While the concepts of sovereignty, human rights, the environment and the rule of law are often invoked in public debate about international investment treaties (IITs), there is relatively little discussion of the economic effects of such treaties. One of the most powerful legal protections provided by IITs is the protection of foreign investor’s ‘legitimate expectations’ under fair and equitable treatment (FET) provisions, which are common to most IITs. This article draws on economic theory—specifically, the notion of moral hazard—to elucidate some of the problems with broader interpretations of the doctrine of legitimate expectations.
The concept of efficiency
The concept of efficiency is central to economic analysis of public policy, including the economic analysis of legal rules. Efficiency concerns the maximising of net economic benefits; a policy improves efficiency if its economic benefits exceed its economic costs. Economists have been criticised for focusing exclusively on maximising efficiency, to the neglect of other values. These criticisms are important and well-made, yet they do not undermine the view that efficiency should be one of the criteria by which legal rules are evaluated. A rigorous examination of efficiency is especially important in the context of IIT interpretation, because a common justification for IITs is that they provide economic benefits.

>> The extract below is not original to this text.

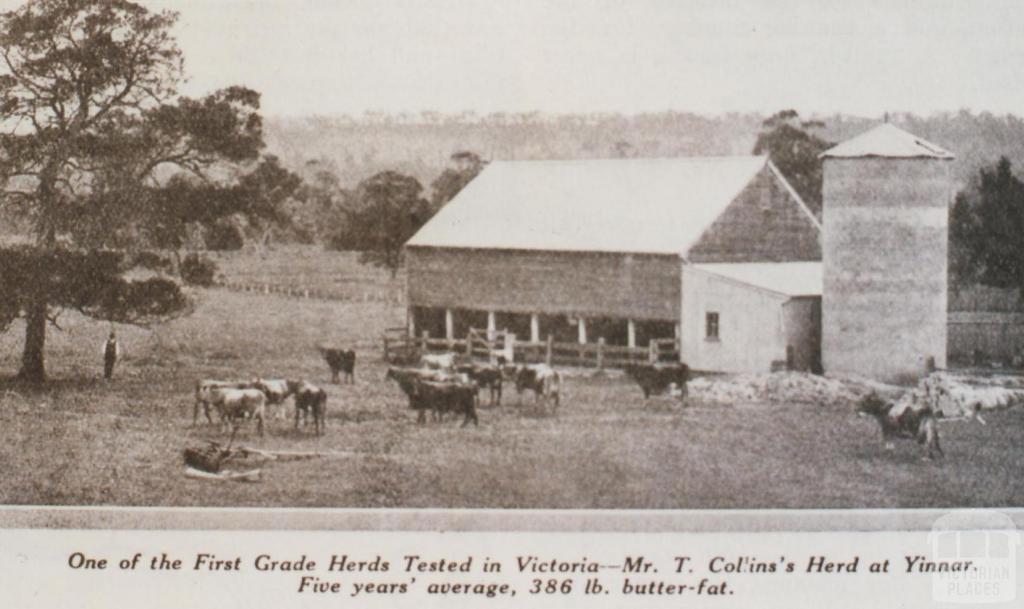 Mr T Collin's herd at Yinnar, 1931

How IITs affect efficiency
The primary means by which IITs affect economic efficiency is by influencing the investment decisions of foreign investors. A more efficient investment decision creates greater net economic benefits, regardless of to whom those benefits accrue. The profitability of an investment project is a first approximation of the efficiency gain of undertaking the project, because profit represents the excess of economic benefits of production over economic costs. This is the foundation of the basic economic argument for IITs—that they give prospective investors confidence that their property and contractual rights will be protected abroad, encouraging them to reallocate their capital from less profitable projects in their home markets to more profitable projects available elsewhere.
But this argument relies on a highly simplified model of economic activity. A more sophisticated model would acknowledge that there are often external costs and benefits of production that do not accrue to the investor. As discussed below, these externalities mean that the (un)profitability of a project does not necessarily imply its (in)efficiency.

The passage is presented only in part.